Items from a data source
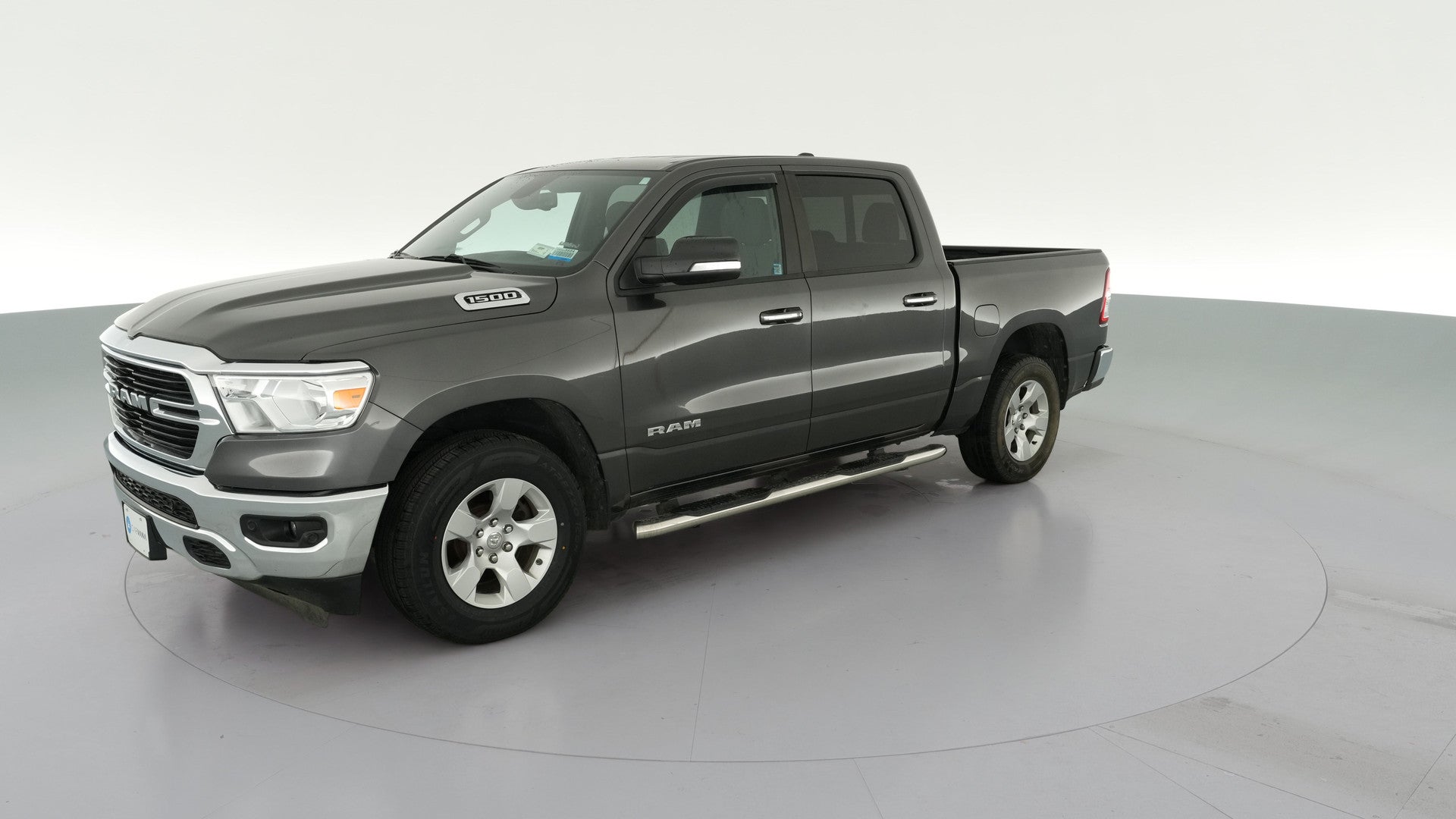 2019 Ram 1500 Crew Cab vehicle photo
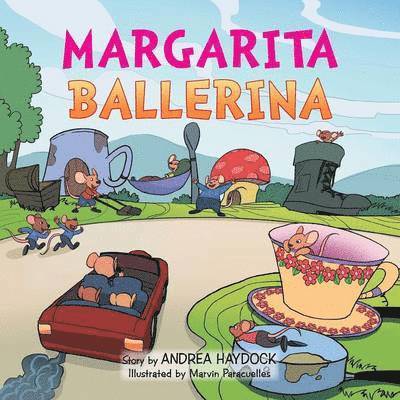 Andrea Haydock - Margarita Ballerina, Häftad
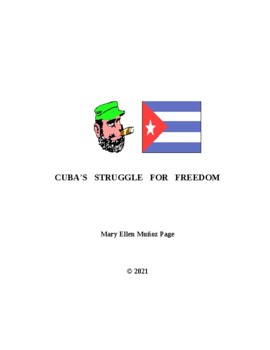 Preview of Cuba's Struggle for Freedom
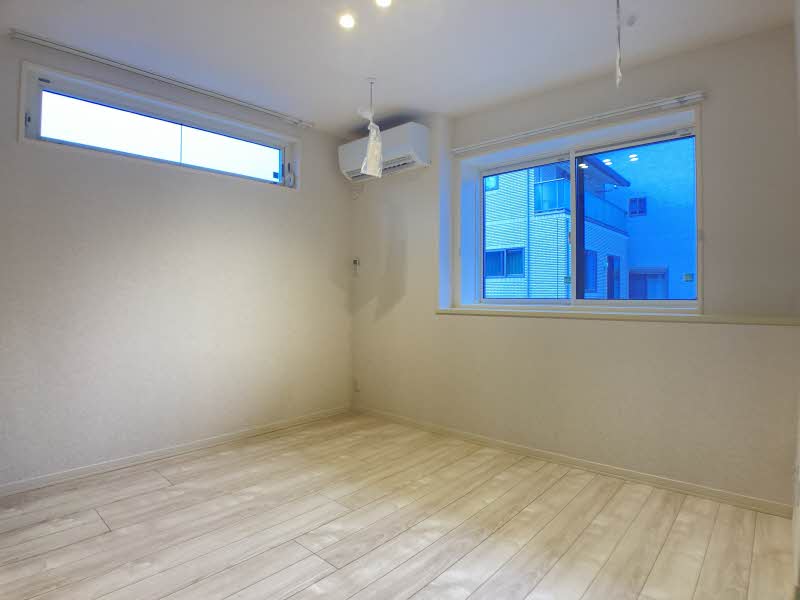 ラ　ベルヴィ 101号-4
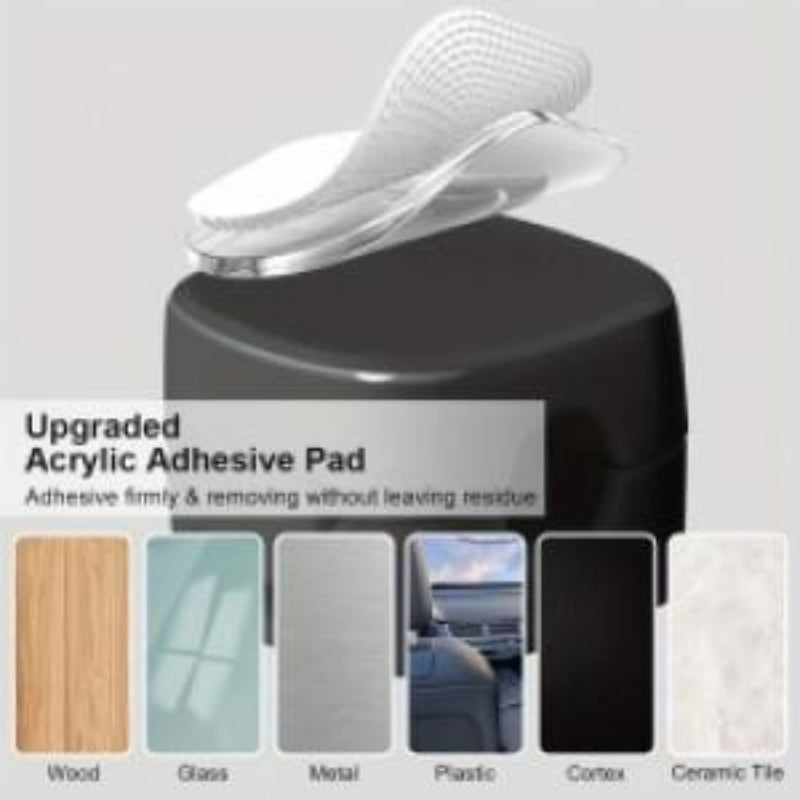 Magnetic Charging Data Cable Desktop Cable Organizer Mouse Cable Non-marking Self-adhesive Fixed Cable Winder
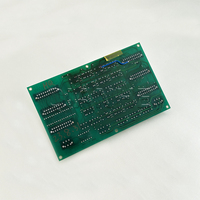 Carte de contrôle d'imprimante Komori d'occasion, carte de circuit imprimé d'origine pour machine d'impression offset, pièces Komori authentiques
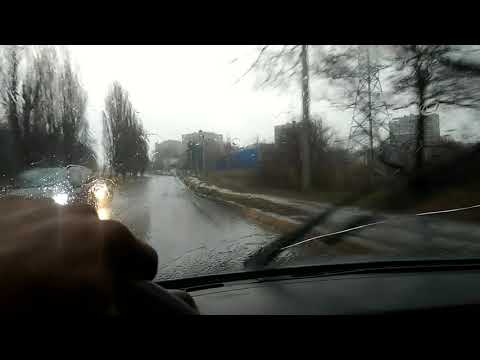 Видео: 🪐Расход 6.8 по городу. Таврия. Полный сток.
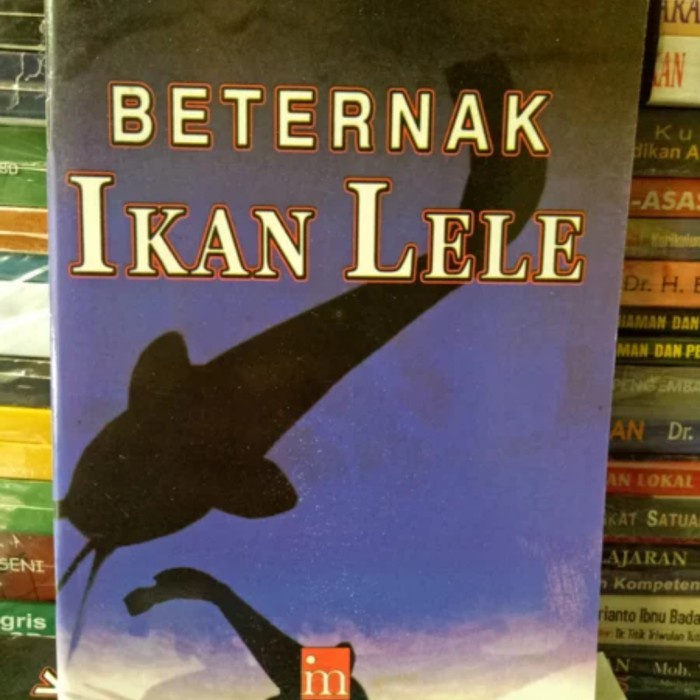 Jual Original Buku Peternakan Beternak Ikan Lele Karangan Slamet Soesono Shopee Indonesia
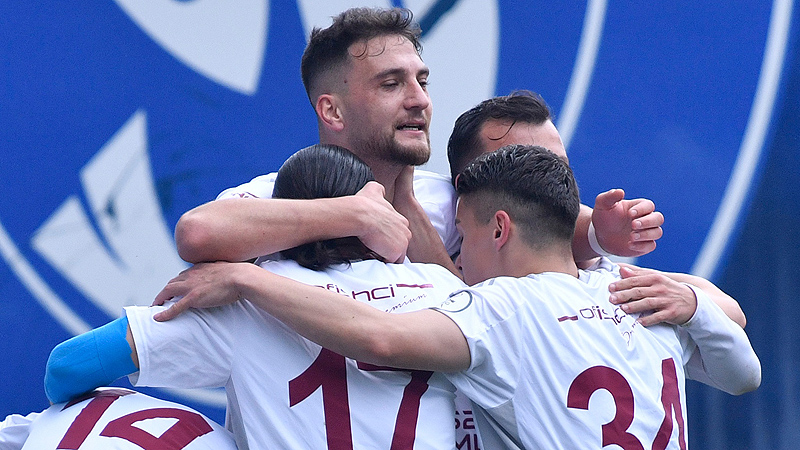 İnegölspor rahat bir nefes aldı!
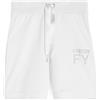 Freddy Pantaloncini donna comfort fit in french terry modal
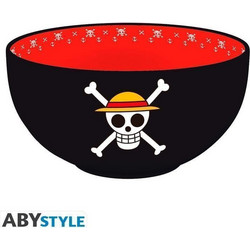One Piece - Jolly Roger Bowl (600ml)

◆ **HOW TO COMPLETE THIS TASK**
Retype the data in full. Images do not go in the copy.

◆ **COMPLETED TASK**
 2019 Ram 1500 Crew Cab vehicle photo
 Andrea Haydock - Margarita Ballerina, Häftad
 Preview of Cuba's Struggle for Freedom
 ラ　ベルヴィ 101号-4
 Magnetic Charging Data Cable Desktop Cable Organizer Mouse Cable Non-marking Self-adhesive Fixed Cable Winder
 Carte de contrôle d'imprimante Komori d'occasion, carte de circuit imprimé d'origine pour machine d'impression offset, pièces Komori authentiques
 Видео: 🪐Расход 6.8 по городу. Таврия. Полный сток.
 Jual Original Buku Peternakan Beternak Ikan Lele Karangan Slamet Soesono Shopee Indonesia
 İnegölspor rahat bir nefes aldı!
 Freddy Pantaloncini donna comfort fit in french terry modal
One Piece - Jolly Roger Bowl (600ml)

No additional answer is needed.